• **Requirement**:
Please copy the lines below exactly, from the first one through the line showing "Boutique Poo-Yai Ma at BP Place 16".

━━━━━ Given data ━━━━━

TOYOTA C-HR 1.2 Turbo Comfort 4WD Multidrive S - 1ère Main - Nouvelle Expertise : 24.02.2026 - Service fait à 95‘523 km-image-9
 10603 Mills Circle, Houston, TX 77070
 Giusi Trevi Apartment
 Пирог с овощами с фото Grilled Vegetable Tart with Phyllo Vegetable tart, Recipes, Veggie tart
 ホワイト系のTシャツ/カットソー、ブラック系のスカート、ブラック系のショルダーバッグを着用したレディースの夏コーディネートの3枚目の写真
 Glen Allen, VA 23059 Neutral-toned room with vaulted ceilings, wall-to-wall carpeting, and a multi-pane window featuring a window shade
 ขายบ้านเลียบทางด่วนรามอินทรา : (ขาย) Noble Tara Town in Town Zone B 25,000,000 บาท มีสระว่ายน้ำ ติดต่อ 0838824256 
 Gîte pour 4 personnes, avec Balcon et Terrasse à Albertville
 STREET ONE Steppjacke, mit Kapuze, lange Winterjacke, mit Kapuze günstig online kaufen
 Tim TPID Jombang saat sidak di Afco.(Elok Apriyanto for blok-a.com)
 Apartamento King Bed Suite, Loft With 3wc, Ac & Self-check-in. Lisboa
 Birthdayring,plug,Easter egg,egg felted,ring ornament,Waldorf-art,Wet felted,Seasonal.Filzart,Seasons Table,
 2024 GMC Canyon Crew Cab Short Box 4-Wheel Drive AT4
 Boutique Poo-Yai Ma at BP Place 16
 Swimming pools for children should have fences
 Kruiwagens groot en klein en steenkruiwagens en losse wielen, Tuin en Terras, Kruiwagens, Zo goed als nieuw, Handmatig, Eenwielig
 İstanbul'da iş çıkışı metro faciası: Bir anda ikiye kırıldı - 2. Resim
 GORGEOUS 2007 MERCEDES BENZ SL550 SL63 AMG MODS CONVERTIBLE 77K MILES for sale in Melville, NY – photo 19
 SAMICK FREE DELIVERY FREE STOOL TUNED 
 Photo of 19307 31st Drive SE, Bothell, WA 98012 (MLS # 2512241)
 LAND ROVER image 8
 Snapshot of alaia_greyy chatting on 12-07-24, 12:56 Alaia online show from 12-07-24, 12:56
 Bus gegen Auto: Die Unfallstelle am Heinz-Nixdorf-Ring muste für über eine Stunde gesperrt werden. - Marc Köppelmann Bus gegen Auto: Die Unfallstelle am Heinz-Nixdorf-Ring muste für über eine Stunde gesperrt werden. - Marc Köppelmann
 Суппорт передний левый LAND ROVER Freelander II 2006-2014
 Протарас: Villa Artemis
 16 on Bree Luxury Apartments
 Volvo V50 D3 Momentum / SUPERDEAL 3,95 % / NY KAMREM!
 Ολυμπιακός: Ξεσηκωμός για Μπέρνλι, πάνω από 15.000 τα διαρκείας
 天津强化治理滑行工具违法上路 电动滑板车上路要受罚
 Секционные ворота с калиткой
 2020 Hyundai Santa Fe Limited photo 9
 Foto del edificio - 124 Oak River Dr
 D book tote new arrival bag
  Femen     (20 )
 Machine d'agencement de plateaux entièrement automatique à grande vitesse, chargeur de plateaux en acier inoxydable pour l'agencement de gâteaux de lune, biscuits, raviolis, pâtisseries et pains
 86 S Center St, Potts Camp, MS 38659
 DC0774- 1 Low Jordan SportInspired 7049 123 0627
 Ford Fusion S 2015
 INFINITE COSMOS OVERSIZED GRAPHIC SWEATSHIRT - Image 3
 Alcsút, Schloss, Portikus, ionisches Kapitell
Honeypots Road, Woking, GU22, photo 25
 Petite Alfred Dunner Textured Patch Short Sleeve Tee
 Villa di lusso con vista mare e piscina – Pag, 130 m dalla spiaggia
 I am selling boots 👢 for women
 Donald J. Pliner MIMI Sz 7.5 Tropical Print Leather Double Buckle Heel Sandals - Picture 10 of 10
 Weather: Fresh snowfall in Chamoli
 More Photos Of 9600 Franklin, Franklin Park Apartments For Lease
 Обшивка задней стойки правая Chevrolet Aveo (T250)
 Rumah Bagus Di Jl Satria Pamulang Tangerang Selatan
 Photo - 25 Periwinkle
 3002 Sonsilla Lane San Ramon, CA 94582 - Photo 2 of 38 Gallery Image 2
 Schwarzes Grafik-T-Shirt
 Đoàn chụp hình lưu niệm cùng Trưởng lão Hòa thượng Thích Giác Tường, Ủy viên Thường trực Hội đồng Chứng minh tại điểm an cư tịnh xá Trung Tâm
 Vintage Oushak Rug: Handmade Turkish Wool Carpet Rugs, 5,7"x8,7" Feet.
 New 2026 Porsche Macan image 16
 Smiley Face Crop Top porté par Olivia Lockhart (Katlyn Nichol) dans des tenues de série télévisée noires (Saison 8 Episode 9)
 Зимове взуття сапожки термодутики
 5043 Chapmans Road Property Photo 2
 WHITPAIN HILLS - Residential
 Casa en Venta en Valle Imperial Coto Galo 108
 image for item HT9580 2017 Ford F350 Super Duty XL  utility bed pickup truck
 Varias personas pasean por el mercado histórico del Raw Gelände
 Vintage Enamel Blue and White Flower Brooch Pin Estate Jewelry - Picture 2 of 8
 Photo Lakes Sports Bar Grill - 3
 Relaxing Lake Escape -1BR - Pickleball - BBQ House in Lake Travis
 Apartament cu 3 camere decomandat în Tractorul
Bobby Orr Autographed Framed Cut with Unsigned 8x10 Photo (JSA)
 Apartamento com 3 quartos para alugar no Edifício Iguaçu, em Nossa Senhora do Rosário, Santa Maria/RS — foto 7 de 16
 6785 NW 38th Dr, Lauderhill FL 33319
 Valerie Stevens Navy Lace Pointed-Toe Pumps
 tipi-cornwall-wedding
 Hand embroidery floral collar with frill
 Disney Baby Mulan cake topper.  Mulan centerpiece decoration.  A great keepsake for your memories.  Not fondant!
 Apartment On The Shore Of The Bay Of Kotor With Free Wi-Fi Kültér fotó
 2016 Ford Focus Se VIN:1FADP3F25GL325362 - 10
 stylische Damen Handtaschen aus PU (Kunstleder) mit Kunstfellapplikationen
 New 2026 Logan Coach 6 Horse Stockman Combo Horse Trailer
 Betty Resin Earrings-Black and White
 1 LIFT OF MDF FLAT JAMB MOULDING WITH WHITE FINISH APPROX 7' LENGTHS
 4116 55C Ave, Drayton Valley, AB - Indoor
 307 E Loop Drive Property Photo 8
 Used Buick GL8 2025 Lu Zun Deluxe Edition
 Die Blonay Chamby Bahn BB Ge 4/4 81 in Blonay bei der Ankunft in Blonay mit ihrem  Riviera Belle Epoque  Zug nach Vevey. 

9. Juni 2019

━━━━━

• **The answer**:
TOYOTA C-HR 1.2 Turbo Comfort 4WD Multidrive S - 1ère Main - Nouvelle Expertise : 24.02.2026 - Service fait à 95‘523 km-image-9
 10603 Mills Circle, Houston, TX 77070
 Giusi Trevi Apartment
 Пирог с овощами с фото Grilled Vegetable Tart with Phyllo Vegetable tart, Recipes, Veggie tart
 ホワイト系のTシャツ/カットソー、ブラック系のスカート、ブラック系のショルダーバッグを着用したレディースの夏コーディネートの3枚目の写真
 Glen Allen, VA 23059 Neutral-toned room with vaulted ceilings, wall-to-wall carpeting, and a multi-pane window featuring a window shade
 ขายบ้านเลียบทางด่วนรามอินทรา : (ขาย) Noble Tara Town in Town Zone B 25,000,000 บาท มีสระว่ายน้ำ ติดต่อ 0838824256 
 Gîte pour 4 personnes, avec Balcon et Terrasse à Albertville
 STREET ONE Steppjacke, mit Kapuze, lange Winterjacke, mit Kapuze günstig online kaufen
 Tim TPID Jombang saat sidak di Afco.(Elok Apriyanto for blok-a.com)
 Apartamento King Bed Suite, Loft With 3wc, Ac & Self-check-in. Lisboa
 Birthdayring,plug,Easter egg,egg felted,ring ornament,Waldorf-art,Wet felted,Seasonal.Filzart,Seasons Table,
 2024 GMC Canyon Crew Cab Short Box 4-Wheel Drive AT4
 Boutique Poo-Yai Ma at BP Place 16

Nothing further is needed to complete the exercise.